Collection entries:

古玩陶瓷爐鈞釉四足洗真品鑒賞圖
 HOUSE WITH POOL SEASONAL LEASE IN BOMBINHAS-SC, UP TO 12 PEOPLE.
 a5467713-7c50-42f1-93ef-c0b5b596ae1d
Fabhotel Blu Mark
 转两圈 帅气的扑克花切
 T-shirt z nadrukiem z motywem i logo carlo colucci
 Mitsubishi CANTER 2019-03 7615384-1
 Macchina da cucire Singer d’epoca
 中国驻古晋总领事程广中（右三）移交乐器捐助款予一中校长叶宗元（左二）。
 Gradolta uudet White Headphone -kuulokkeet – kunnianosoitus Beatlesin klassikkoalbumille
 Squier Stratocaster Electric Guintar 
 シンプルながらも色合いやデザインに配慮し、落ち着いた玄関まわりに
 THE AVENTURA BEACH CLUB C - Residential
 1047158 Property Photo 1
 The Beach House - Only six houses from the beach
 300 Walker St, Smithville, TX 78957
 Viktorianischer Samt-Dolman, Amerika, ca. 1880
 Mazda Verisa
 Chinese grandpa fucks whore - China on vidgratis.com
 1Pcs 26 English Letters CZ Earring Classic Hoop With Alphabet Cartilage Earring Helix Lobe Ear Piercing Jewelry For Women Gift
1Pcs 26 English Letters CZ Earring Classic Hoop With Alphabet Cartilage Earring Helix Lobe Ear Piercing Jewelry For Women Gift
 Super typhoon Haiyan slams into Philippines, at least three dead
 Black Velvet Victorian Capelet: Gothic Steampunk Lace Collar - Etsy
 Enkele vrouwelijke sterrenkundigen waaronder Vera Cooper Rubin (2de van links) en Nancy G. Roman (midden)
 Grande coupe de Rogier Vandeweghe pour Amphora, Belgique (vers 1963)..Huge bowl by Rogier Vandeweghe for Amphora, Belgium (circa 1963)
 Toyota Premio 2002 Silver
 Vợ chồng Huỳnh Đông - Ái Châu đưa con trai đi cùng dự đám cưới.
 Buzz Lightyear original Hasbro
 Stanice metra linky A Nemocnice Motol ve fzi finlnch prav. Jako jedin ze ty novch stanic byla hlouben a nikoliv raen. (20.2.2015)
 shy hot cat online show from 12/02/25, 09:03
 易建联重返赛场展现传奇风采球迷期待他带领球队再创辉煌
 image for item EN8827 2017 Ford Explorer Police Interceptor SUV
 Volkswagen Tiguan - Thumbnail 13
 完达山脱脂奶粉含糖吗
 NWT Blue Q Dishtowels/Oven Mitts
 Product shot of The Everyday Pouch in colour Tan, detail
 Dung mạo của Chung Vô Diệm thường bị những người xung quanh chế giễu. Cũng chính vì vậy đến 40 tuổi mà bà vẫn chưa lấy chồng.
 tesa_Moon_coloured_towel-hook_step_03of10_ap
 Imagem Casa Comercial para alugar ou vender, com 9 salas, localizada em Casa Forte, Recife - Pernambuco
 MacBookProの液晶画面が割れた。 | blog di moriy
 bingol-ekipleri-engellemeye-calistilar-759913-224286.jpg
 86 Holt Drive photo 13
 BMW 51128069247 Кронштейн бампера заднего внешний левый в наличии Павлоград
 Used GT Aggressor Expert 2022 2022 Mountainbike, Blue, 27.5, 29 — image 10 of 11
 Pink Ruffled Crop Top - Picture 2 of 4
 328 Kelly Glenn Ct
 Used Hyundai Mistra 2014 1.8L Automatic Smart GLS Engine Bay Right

[To do] Extract from the records above the lines from the one containing "Squier Stratocaster Electric Guintar" to the one containing "NWT Blue Q Dishtowels/Oven Mitts", both lines included, exactly as they appear and with nothing else.

[Answer to this exercise]
 Squier Stratocaster Electric Guintar 
 シンプルながらも色合いやデザインに配慮し、落ち着いた玄関まわりに
 THE AVENTURA BEACH CLUB C - Residential
 1047158 Property Photo 1
 The Beach House - Only six houses from the beach
 300 Walker St, Smithville, TX 78957
 Viktorianischer Samt-Dolman, Amerika, ca. 1880
 Mazda Verisa
 Chinese grandpa fucks whore - China on vidgratis.com
 1Pcs 26 English Letters CZ Earring Classic Hoop With Alphabet Cartilage Earring Helix Lobe Ear Piercing Jewelry For Women Gift
1Pcs 26 English Letters CZ Earring Classic Hoop With Alphabet Cartilage Earring Helix Lobe Ear Piercing Jewelry For Women Gift
 Super typhoon Haiyan slams into Philippines, at least three dead
 Black Velvet Victorian Capelet: Gothic Steampunk Lace Collar - Etsy
 Enkele vrouwelijke sterrenkundigen waaronder Vera Cooper Rubin (2de van links) en Nancy G. Roman (midden)
 Grande coupe de Rogier Vandeweghe pour Amphora, Belgique (vers 1963)..Huge bowl by Rogier Vandeweghe for Amphora, Belgium (circa 1963)
 Toyota Premio 2002 Silver
 Vợ chồng Huỳnh Đông - Ái Châu đưa con trai đi cùng dự đám cưới.
 Buzz Lightyear original Hasbro
 Stanice metra linky A Nemocnice Motol ve fzi finlnch prav. Jako jedin ze ty novch stanic byla hlouben a nikoliv raen. (20.2.2015)
 shy hot cat online show from 12/02/25, 09:03
 易建联重返赛场展现传奇风采球迷期待他带领球队再创辉煌
 image for item EN8827 2017 Ford Explorer Police Interceptor SUV
 Volkswagen Tiguan - Thumbnail 13
 完达山脱脂奶粉含糖吗
 NWT Blue Q Dishtowels/Oven Mitts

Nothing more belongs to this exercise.